Disney's クリスマス・キャロル

金がすべてで、家族を持たず、人とのきずなに背を向け、ただ己の金銭欲を満たすためだけに生きるスクルージは、街一番の嫌われ者。あるクリスマス・イブの夜、かつてのビジネス・パートナーの亡霊が現われ、スクルージを彼自身の過去・現在・未来をめぐる時間の旅へと連れ出す亡霊にとりつかれると予言する。


今週で吹替版3Dの公開が終わるのでまたしてもすべり込み。
なんか評判はイマイチみたいなんですが…私はすごくよかったなあ。今年何本か3D作品を観たけど、これが一番の立体感と飛び出し具合だったと思う。*1 まあでも眼鏡重いし目ぇ疲れるし、苦手な人は二度と観たくないって思うだろうな3D。
そんなわけで映像がすごくきれいだった。全体的に暗いトーンだったけど、クリスマスの温かな雰囲気やすがすがしいラストとの対比になっていたと思う。空を飛ぶシーンの疾走感はアトラクションさながら。でもマーレイの亡霊とかはリアルかつおどろおどろすぎて子供泣くんじゃなかろうか。
原作が超有名作ということもあってか、設定やストーリーにあんまり説明がない。マーレイが生前どんな人物だったからああなっちゃったんだとか、スクルージの生い立ちだとか。ちゃんと観てればわかるんだけど、小さい子には、人は死ぬとあんな恐ろしい目に遭うのか…とか勘違いされそう。
つくりは子供向けなのに、ストーリーはわりと大人向けなのがなあ。キリスト教ベースだし。反面、あーディズニーだなーというシーンや動きがちょいちょいあって(例:太っちょおばさんの驚異的なスピン等)、作風と合っていないからすごく違和感があった。

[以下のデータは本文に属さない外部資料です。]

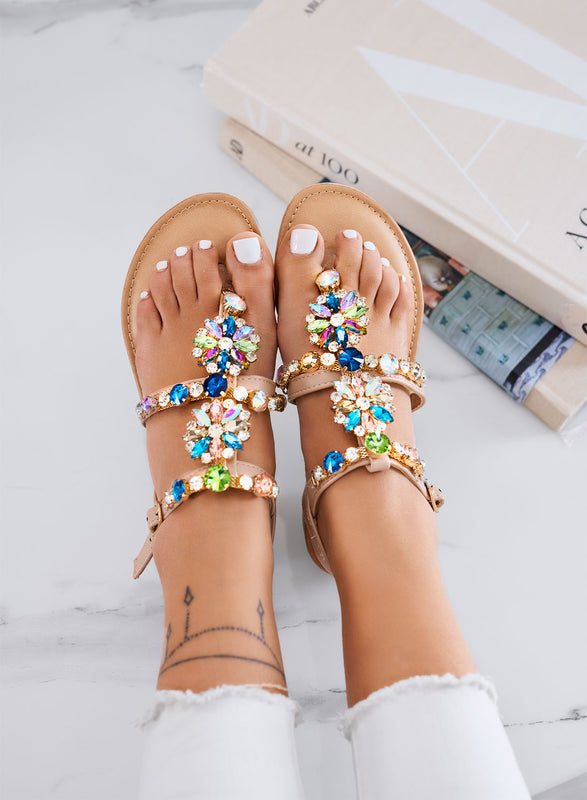 GIULY - Sandales beiges plats avec pierres bijoux multicolores
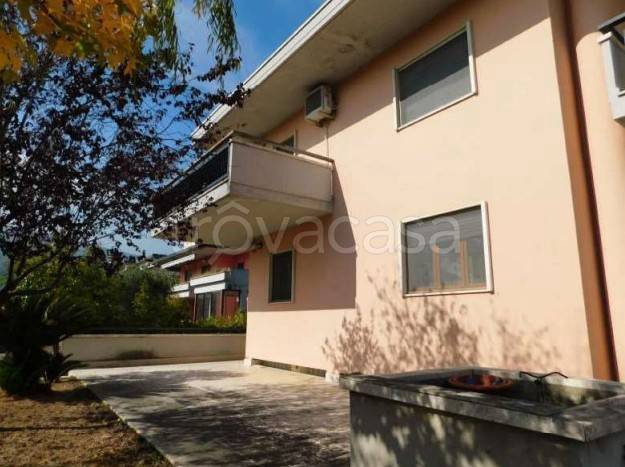 casa indipendente in vendita a Folignano in zona Villa Pigna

字幕版はジム・キャリーが七役も声を当てているのが話題だったけど、吹替版だと山ちゃん大活躍だった。この人やっぱりすげーな、スクルージとかまるっきり老人声なんだもん。あと観た人にしか伝わらないけど、過去のクリスマスの精霊のしゃべり方を真似したくなる。
スクルージはまったく好きになれないじいさん(という設定)なんだけど、ずっとネグリジェ&ナイトキャップ姿なのがなんだかかわいい。見たくない光景に目を背けても、無理やり顔を向けさせられたり摘まみ上げられたり。
体が縮んじゃうシーンでは、雪の降り積もる音がすごかった。


で、ラスト。ここ最近観た映画の中では一番泣いた気がする…。
改心したスクルージの姿になぜだか涙が止まらなかった。泣けたからいい作品というわけじゃないけど、恋人を死なせて感動とか謳ってるあれやこれやに比べたら、よっぽど意味のある素晴らしい感動だったと思う。
話の教示自体はキリスト教のそれなんで、日本人的にはうーん…という感じかもしれないけど、クリスマスの本当の意味での素晴らしさを教えてくれる作品。そしてそういう話で感動できる純粋な自分がまだいることに気づかせてくれた作品(笑)
正直前半はうつらうつらしちゃったし、おそらくターゲットにしているであろう子供にはちょっと難しい話だったけど、でも150年以上経っても名作は色あせないものだなあ。こういう作品を観て、内容は理解できなかったとしても、おもしろかった! と言ってくれる子供がひとりでも多くいてくれたら嬉しい。なんつって。
★★★

*1:でもそれ以上に『アリス・イン・ワンダーランド』予告のチェシャ猫がはんぱなく飛び出していた!